★★ / ★★★★
There is a secret in “After,” written by Sabrina Gennarino and directed by Pieter Gaspersz, that is not at all worth the trouble keeping, thus preventing the picture from reaching its true potential as a melodrama. To gain momentum, it should have been revealed some time in the middle or it ought to not have been a secret to us at all. Instead, the final few scenes come off trying too hard to surprise rather than being quiet and genuinely absorbing.
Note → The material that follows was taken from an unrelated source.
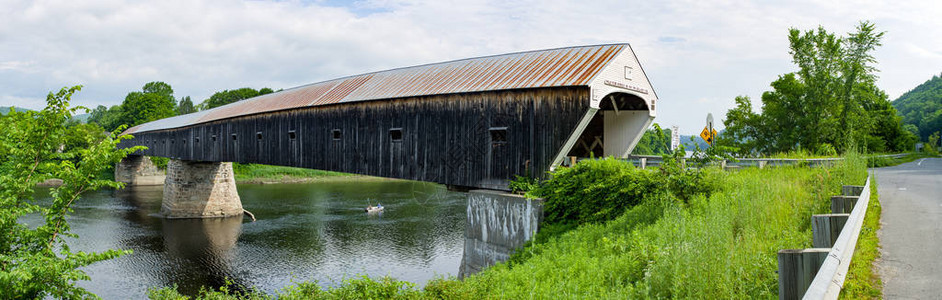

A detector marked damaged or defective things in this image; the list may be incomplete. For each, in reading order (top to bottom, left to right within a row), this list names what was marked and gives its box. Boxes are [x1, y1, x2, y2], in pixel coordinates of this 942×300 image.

The Valentino family is a dysfunctional bunch and the material makes the case that part of the reason why they are severely unhappy is because they are unable to deal with the past. Mitch (John Doman), the patriarch, is highly protective of his fragile wife, Nora (Kathleen Quinlan), and so he goes to great lengths to distract her from reality. In a telling scene, Nora loses it after she accidentally tramples over a flower while gardening.
Their grown children—Chris (Pablo Schreiber), Max (Sabrina Gennarino), and Nick (Adam Scarimbolo)—follow suit in grooming the mirage because they, in a way, are afraid of their father and constantly, one way or another, needing his approval. Perhaps most interesting is Max who, when asked by her boyfriend (Darrin Dewitt Henson) to get married, claims she needs time to think about it not because she does not want to accept but because having him as a family member means a higher risk of exposing the secret.
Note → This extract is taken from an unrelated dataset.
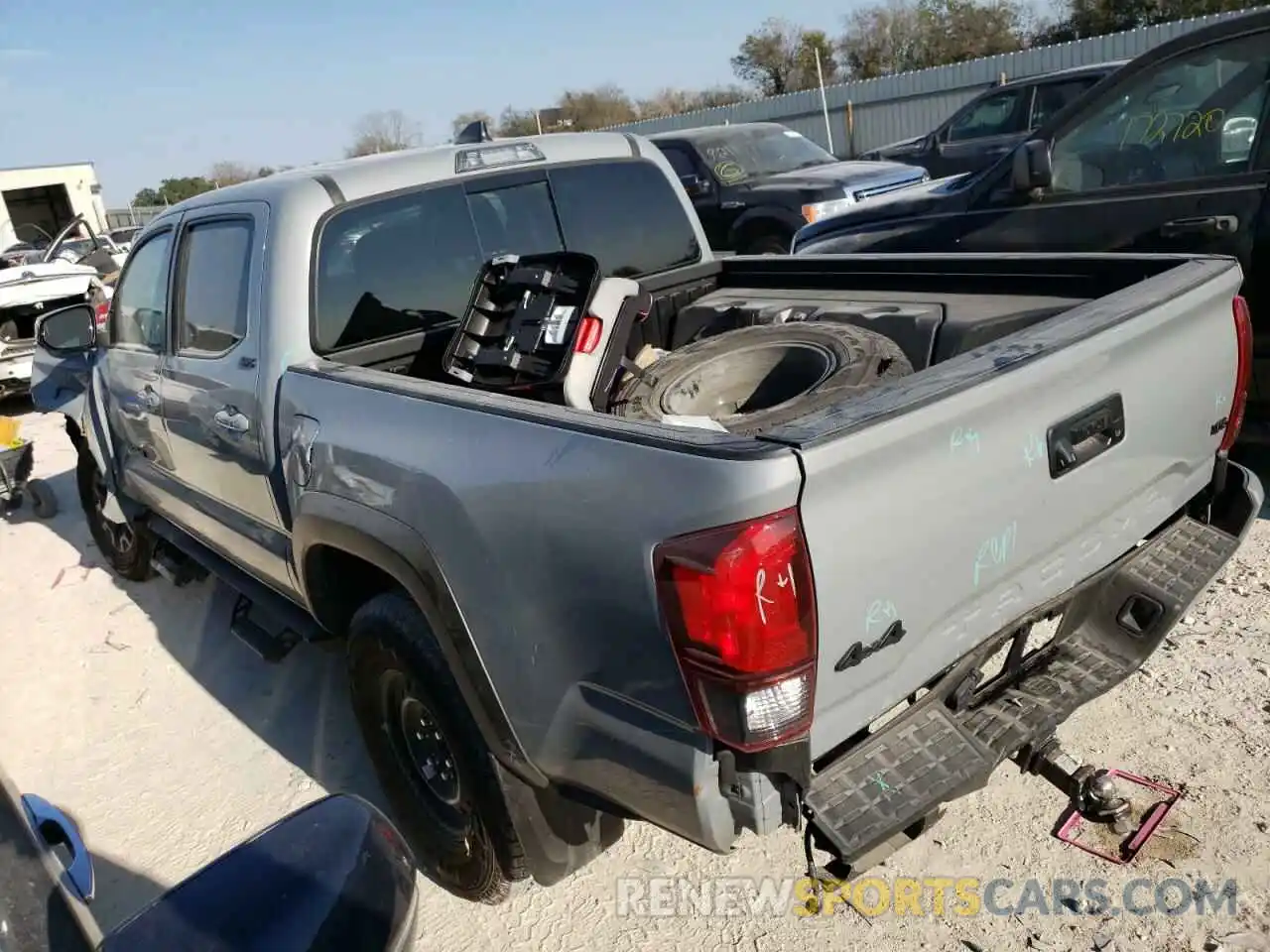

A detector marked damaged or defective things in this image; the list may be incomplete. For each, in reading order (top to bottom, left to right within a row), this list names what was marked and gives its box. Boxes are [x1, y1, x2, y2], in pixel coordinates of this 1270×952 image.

wrecked vehicle [1, 217, 114, 401]
damaged truck bed [30, 132, 1262, 900]
wrecked vehicle [30, 130, 1262, 904]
The film is shot without glitz or glamour which works to its advantage. Although the script tends to lean on over exaggeration to get its point across, the problems between Mitch and his children, especially the sons, feel real at times. I was interested in what would happen next even though the situations are terrains are commonly traversed.
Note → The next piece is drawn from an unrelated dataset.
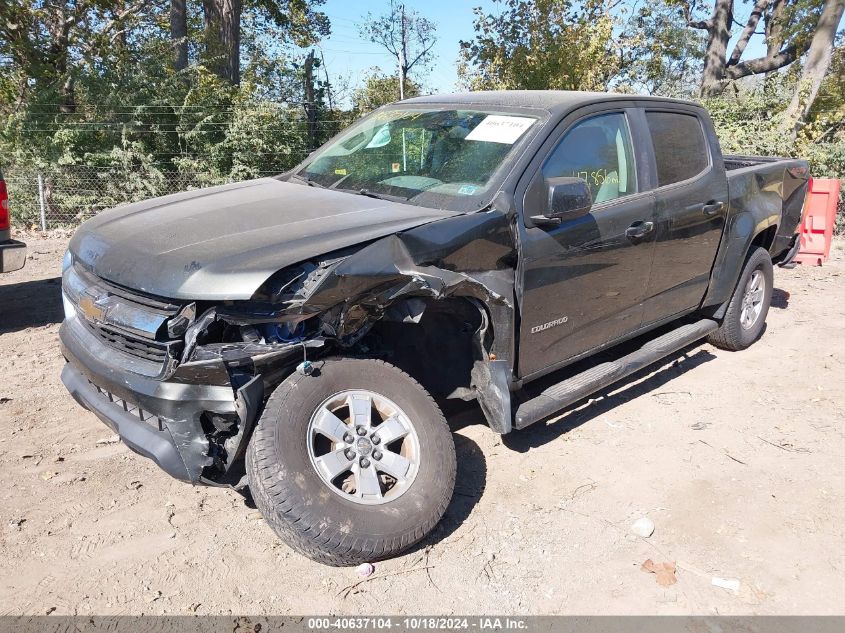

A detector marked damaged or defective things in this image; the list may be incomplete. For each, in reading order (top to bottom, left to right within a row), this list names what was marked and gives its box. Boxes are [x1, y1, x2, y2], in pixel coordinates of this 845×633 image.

Casting unfamiliar faces works, too. Some of them are quite green which I liked because I found it difficult to read how they would allow their characters to react given an expected situation. If household names were cast, it might have been a frustrating experience because it might have been easier to predict the performers’ choices. Here, although some of the acting is wooden, a level of mystery remains.
“After” is likely to not impress many, but a skeletal track is laid out here to make an effective drama. The pieces do not quite fit as neatly as they should because there is a lack of complex characterization and transitions, especially the father (whom I saw as the central figure instead of the mother) in terms of how we view him. Toward the end, we get a feel for his softer side but it is almost out of the blue.